[Extracted records — start]
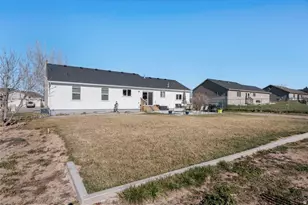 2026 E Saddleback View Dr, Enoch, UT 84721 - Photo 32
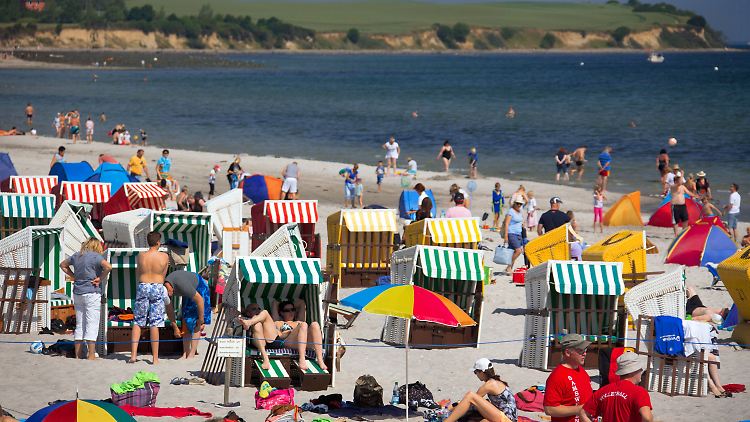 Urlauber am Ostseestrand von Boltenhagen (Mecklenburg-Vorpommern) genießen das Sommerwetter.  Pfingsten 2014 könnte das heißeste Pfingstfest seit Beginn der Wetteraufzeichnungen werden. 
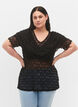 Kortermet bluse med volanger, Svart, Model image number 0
[Extracted records — finish]
[Extracted records — start]
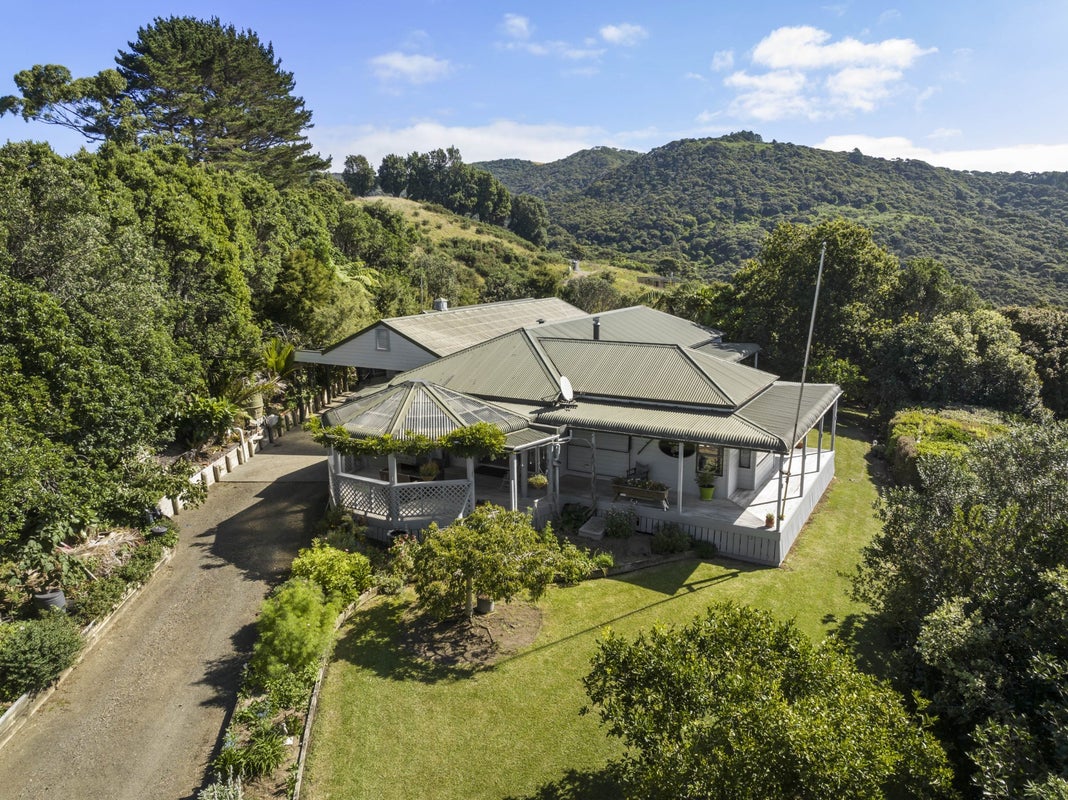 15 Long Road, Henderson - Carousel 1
[Extracted records — finish]
→ **Activity**: Each line above from the one containing "2026 E Saddleback" through the one containing "Urlauber am Ostseestrand" is to be returned verbatim. Nothing else, and no pictures.

→ **Solution to this task**:
 2026 E Saddleback View Dr, Enoch, UT 84721 - Photo 32
 Urlauber am Ostseestrand von Boltenhagen (Mecklenburg-Vorpommern) genießen das Sommerwetter.  Pfingsten 2014 könnte das heißeste Pfingstfest seit Beginn der Wetteraufzeichnungen werden. 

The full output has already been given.